Two-Sided Fairness for Repeated Matchings in Two-Sided Markets: A Case Study of a Ride-Hailing Platform
Tom Sühr, Asia J. Biega, Meike Zehlike, Krishna P. Gummadi and Abhijnan Chakraborty
Ride hailing platforms, such as Uber, Lyft, Ola or DiDi, have traditionally focused on the satisfaction of the passengers, or on boosting successful business transactions. However, recent studies provide a multitude of reasons to worry about the drivers in the ride hailing ecosystem. The concerns range from bad working conditions and worker manipulation to discrimination against minorities. With the sharing economy ecosystem growing, more and more drivers financially depend on online platforms and their algorithms to secure a living. It is pertinent to ask what a fair distribution of income on such platforms is and what power and means the platform has in shaping these distributions.

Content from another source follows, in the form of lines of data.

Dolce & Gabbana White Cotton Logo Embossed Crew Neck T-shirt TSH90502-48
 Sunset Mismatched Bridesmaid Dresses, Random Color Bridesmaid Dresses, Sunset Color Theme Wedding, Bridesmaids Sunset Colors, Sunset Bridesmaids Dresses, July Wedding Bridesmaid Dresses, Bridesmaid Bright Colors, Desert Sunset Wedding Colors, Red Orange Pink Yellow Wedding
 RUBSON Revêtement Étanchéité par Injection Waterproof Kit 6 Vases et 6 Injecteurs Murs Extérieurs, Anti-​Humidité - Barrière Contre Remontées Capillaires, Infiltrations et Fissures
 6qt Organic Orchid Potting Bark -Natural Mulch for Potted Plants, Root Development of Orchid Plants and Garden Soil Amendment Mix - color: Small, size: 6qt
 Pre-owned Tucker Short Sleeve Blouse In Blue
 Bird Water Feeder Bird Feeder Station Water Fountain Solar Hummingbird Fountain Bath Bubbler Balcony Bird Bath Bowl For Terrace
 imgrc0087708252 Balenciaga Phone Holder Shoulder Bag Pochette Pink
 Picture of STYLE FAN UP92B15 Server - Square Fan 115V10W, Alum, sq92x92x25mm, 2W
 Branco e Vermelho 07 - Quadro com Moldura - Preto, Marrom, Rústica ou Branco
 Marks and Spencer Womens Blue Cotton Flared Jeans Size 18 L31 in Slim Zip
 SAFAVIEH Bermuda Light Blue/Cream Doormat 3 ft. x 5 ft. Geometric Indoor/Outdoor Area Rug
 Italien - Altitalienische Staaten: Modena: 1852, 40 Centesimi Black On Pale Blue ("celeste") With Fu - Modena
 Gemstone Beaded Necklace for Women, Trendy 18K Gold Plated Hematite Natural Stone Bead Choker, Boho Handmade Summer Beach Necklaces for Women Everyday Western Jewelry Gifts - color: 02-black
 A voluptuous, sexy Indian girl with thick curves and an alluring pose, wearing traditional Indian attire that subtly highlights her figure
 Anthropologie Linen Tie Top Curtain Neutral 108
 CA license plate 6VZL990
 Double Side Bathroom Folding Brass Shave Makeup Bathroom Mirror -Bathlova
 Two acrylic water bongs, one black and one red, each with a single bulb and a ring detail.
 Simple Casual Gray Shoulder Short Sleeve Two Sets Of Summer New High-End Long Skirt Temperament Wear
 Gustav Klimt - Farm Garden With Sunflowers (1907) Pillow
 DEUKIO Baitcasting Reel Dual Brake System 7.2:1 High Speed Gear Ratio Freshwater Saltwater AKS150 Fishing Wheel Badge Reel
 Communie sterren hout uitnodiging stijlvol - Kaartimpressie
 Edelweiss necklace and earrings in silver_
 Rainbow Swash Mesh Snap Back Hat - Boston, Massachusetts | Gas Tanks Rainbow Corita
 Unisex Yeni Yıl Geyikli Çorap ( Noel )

In this paper, we analyze job assignments of a major taxi company and observe that there is significant inequality in the driver income distribution. We propose a novel framework to think about fairness in the matching mechanisms of ride hailing platforms. Specifically, our notion of fairness relies on the idea that, spread over time, all drivers should receive benefits proportional to the amount of time they are active in the platform. We postulate that by not requiring every match to be fair, but rather distributing fairness over time, we can achieve better overall benefit for the drivers and the passengers. We experiment with various optimization problems and heuristics to explore the means of achieving two-sided fairness, and investigate their caveats and side-effects. Overall, our work takes the first step towards rethinking fairness in ride hailing platforms with an additional emphasis on the well-being of drivers.